The 1990s were the era of the staged fight. Heavyweight bouts became scheduled events — opening face-off, a nod, the gloves come off, the crowd comes to its feet. Tie Domi vs. Bob Probert at Madison Square Garden in 1992 is the fight everyone of a certain generation watched on repeat. Rob Ray, Tony Twist, Stu Grimson, Sandy McCarthy — the rotation of legitimate heavyweights was so deep you could have iced a second All-Star team of men who averaged three minutes of ice time a night. It was also the decade the injuries started catching up and the conversations began about what the job was quietly costing.

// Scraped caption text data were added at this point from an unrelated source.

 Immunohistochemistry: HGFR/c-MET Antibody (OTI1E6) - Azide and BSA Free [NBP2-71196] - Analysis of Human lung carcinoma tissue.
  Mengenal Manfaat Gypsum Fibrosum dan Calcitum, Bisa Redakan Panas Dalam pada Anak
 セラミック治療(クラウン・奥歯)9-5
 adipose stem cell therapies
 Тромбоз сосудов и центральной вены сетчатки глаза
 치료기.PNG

Kelly Chase is still with us, and in many cases still part of the hockey conversation — as a broadcaster, a coach, a league executive, or simply a voice who will pick up the phone when a younger player needs to ask what the job actually takes. The surviving enforcers of the The 1990s have, collectively, become hockey's most honest self-critics about what the role cost and what parts of it the game was right to retire.